BTW, I couldn't find much literature about this topic either! Maybe we are the only ones that find it a big deal, and other people think it's as a trivial problem... Or maybe not... ;-)

- Rafael Sagula

--

A few thougts....

First the site is becoming a mess! :) How about droping wiki? Perhaps using some old fashioned "left-frame-with-links-and-right-frame-with-contents" approach would be simpler and cleaner

Anyways...

I'm implementing a small web application with prevayler.

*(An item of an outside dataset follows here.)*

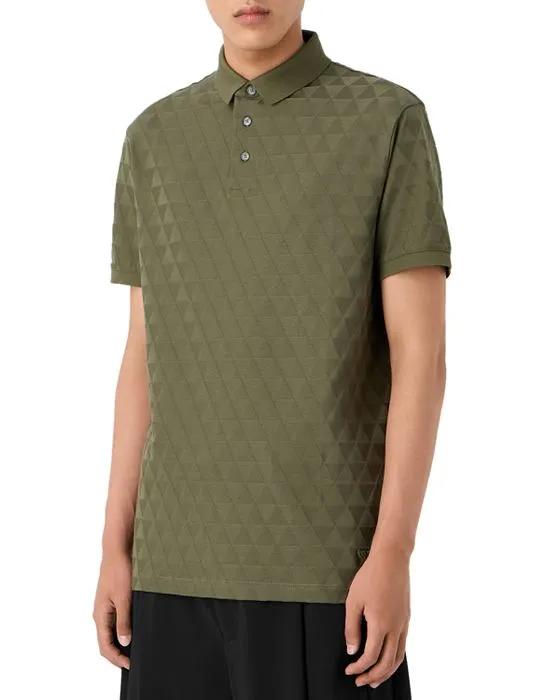 Quilted Short Sleeve Polo Shirt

I've divided my code into the following layers/packages.

app.BusinessObjects -> Plain and simple BO's with get's and set's.
app.BusinessCommands -> Commands that manipulate a given object and modify the persistence objects.
app.PersistenceObjects -> A few classes that extend AbstractPrevalentSystem and hold the business objects into Collections or mere references.
app.System -> The business façades that contain entry points to applications funcionalities, including Load() methods
app.WebBeans -> the needed web tier.

I'm very used to writing 3-tier code for plain old RDBMS. The usual DataAccess, BusinessLogic and Facade tiers. So this seems a good approach to organize the code.

I've a question about updating objects. What is the best way to update an object fields? Having a ton of commands for each combination (object, field) ? Or duplicating my attributes into a couple of versions? Like proposed and current value in ADO.NET? I don't really know what is the best approach to follow!
For example. It's common for me to generate web editors to apply CRUD operations to a BO. If an object has 30 fields and the user updates only one how should I deal with it? Consider 30 different use cases and code 30 commands?

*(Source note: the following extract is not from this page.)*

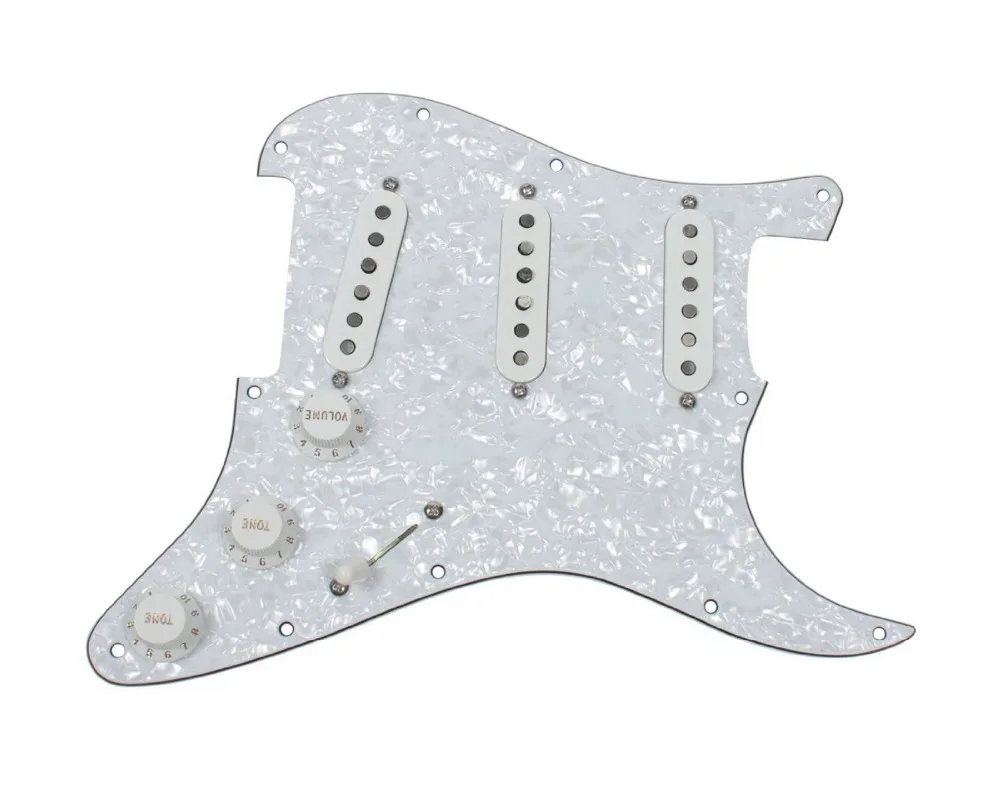 3Ply White Prewired Pickguard SSS w/Pickups for Strat Guitar Loaded Pickguard
3Ply White Prewired Pickguard SSS w/Pickups for Strat Guitar Loaded Pickguard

Now about schema migration... It is really the worst thing um prevayler. It's a nightmare to deal with this during the development phase of an application. I've been pondering using some XML serialization framework (or java.beans.XMLEncoder, even) to put the data into a format that I can "control". Trouble is, it's a mess to unserialize a few AbstractPrevalentSystem classes and reconstruct the references between all the business objects.

Tiago Matias


Use a single command for updating each of your CRUD objects (not a ton of them). Make that command know what fields to update.

Don't do schema migration during development. Just don't. This is not just a Preavayler thing. If there is a universal truth, this is it. @:) Use automated test scripts à la JUnit and create all the necessary objects from scratch for every single test script. We have a system with over 5000 tests scripts here that works just that way. --KlausWuestefeld


Have you seen JSX?

http://www.csse.monash.edu.au/~bren/JSX/

It serializes Java to XML making the serialized files human readable.  It also allows the java classes to change inbetween persistence and re-loading.  Can prevayler do that?

Prevayler does not do that but allows us to use any serialization framework instead os Java's native serialization, which is default. Thanks for the tip. --KlausWuestefeld


JSX has a big problem, though: it's commercial software. Therefore, we cannot include uses of it in Prevayler, but we might create an adapter if there's enough need for it.

-- CarlosVillela


Actually JSX seems to be GPL (and it's on freshmeat)
http://freshmeat.net/projects/jsx/?topic_id=868%2C45%2C50%2C19%2C866

-- Dav


JSX is dually licensed GPL/commercial. It is open source, but not free (as in speech). - TalRotbart


Consider the ThereCanOnlyBeOne approach to schema evolution. --KlausWuestefeld.